Components of the asset tracking system 1 other than the asset tracking devices 306-309 are provided in the cloud 505 and will be described next. Specifically, the cloud 505 includes, as the distributed database system of the second embodiment, a hyperledger platform 2. The hyperledger platform 2 comprises various node devices 704-709 which take part in hosting a consensus-based ledger of transactional records on the hyperledger platform 2.

In some embodiments, the node devices 704-709 comprise a vendor peer device 704 and a vendor certificate authority 708, which—although being located in the cloud 505—may be owned and operated by the vendor, who is the stakeholder of the vendor realm 503; a logistics peer device 705 and a logistic certificate authority 709, which may be owned and operated by the logistics operator, who is the stakeholder of the logistics realm 504, a command line interface device 706, which provides for command line interaction with the hyperledger platform for maintenance purposes and the like, and an orderer node 709, which assumes auxiliary tasks related to the ordering of transactional records to be posted to the consensus-based ledger of the hyperledger platform 2.

In some embodiments, the cloud 505 includes a distributed asset handler device 4. The distributed asset handler device 4 includes vendor integration services means 43, logistics integration services means 44, a document sever means 45 and an access control means 46, all of which are implemented in the cloud 505. The vendor integration services means 43 is owned and operated by the vendor, who is the stakeholder of the vendor realm 503, and includes a vendor programming interface means 431 and a vendor ATL means 432. The logistics integration services means 44 is owned and operated by the logistics operator, who is the stakeholder of the logistics realm 504, and includes a logistics program interface means 441 and a logistics ATL means 442.

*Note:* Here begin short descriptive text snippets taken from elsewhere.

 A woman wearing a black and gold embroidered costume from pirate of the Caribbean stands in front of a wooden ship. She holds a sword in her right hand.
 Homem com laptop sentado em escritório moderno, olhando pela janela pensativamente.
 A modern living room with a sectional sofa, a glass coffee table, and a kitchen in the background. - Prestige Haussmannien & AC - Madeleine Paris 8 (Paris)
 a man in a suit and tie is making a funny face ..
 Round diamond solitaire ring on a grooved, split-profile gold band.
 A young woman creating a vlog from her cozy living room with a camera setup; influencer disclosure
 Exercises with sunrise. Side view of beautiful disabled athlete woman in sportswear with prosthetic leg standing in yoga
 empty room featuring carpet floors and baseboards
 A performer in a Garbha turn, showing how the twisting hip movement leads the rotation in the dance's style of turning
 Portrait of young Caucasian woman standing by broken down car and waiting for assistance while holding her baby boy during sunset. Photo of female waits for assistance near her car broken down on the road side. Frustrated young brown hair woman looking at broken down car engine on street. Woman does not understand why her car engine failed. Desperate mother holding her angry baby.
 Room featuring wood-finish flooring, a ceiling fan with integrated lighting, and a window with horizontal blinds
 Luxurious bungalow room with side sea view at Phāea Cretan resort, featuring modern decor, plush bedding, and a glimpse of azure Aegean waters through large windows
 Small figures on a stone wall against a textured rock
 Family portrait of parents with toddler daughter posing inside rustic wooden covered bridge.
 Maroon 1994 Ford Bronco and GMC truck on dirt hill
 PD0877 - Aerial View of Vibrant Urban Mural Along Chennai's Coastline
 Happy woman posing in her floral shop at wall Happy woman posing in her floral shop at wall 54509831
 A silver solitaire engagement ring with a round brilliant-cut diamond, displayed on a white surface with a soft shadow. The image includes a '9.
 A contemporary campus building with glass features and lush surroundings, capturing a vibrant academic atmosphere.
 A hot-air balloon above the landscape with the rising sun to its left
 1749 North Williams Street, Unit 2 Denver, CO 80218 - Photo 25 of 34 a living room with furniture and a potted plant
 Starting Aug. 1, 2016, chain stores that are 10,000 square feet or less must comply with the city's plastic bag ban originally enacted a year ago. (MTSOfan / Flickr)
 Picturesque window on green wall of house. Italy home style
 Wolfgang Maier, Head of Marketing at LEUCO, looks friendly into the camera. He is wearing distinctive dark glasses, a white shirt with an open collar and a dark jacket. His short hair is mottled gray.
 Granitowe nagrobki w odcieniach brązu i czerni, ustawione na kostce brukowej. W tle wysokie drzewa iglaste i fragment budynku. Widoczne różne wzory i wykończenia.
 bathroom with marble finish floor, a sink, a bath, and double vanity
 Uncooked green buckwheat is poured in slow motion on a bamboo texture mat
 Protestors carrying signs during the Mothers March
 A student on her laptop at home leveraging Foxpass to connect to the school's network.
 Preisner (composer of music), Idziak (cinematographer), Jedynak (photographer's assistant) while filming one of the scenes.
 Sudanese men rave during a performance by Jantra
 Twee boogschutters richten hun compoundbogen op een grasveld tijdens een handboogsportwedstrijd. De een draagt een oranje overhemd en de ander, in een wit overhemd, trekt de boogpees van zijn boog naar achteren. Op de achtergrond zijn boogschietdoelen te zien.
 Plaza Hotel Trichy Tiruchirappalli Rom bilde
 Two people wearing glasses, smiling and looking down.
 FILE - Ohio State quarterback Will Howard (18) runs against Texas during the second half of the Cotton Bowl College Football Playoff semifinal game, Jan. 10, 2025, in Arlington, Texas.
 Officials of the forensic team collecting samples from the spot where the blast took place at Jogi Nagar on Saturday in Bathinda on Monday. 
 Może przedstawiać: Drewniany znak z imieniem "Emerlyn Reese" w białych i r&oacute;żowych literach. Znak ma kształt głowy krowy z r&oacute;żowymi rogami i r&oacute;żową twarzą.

In some embodiments, the vendor programming interface means 431 and the vendor ATL means 432 correspond the programming interface means 401 and the asset transaction layer means 402 of FIG. 3, respectively. However, the vendor programming interface means 431 and the vendor ATL means 432 may be adapted to adhere to conventions prevalent in the vendor realm 503, such as data and message interchange formats, APIs, design and layout, network protocols and the like that are used in the vendor realm 503. Likewise, the logistics programming interface means 441 and the logistics ATL means 442 may be adapted to adhere to conventions prevalent in the logistics realm 504.

The document serving means 45 of the second embodiment corresponds to the document serving means 405 (FIG. 3) of the first embodiment. The document serving means 45 may be implemented as a Cloudant database. It is noted that a Cloudant database is a distributed database; however, unlike the hyperledger platform 2, it does not host a consensus-based ledger of transactional records. That is, the Cloudant database 45 may be suitable for storing large amounts of large files, whereas the hyperledger platform 2 may be suitable for storing transactional records and may provide a higher level of trust, manipulation protection and traceability.

The access control means 46 is communicatively coupled between the vendor edge services device 133, the logistics edge services device 134, and the respective integration layer means 43 and 44. The access control means 46 routes incoming instruction data and outgoing response data between the vendor edge service device 133 and the vendor integration layer means 43. The access control means 46 also routes incoming instruction data and outgoing response data between the logistics edge service device 134 and the logistics integration layer means 44.

In some embodiments, the access control means 46 may be configured to perform an identity-based multi-level read/write access control on the incoming instruction data and the outgoing response data. That is, for example, the asset owner 121 may be granted full access to the vendor programming interface means 431 provided that instruction data transmitted by the ALP dashboard 307 operated by the asset owner 121 relates to an ALP 8 (FIG. 4) including an asset attribute value 801 (FIG. 4) indicating the vendor as the owner of the corresponding asset 9 (FIG. 1). Site manager 122, who is operating the ALP app 308, may be granted the right to view and modify certain ALPs (not shown) which relate to assets that the site manager 122 is expected to process as part of his or her duties, but may be disallowed to create new ALPs and/or to view and modify other ALPs that the site manager 122 is not expected to work with. Still further, the logistics clerk 125 operating the ALP app 309 may only be granted a limited view on a subset of certain asset attribute values 801-804 (FIG. 4) and may be denied any access to other asset attribute values 801-804 (FIG. 4) that the logistics clerk 125 is not expected to see and/or modify.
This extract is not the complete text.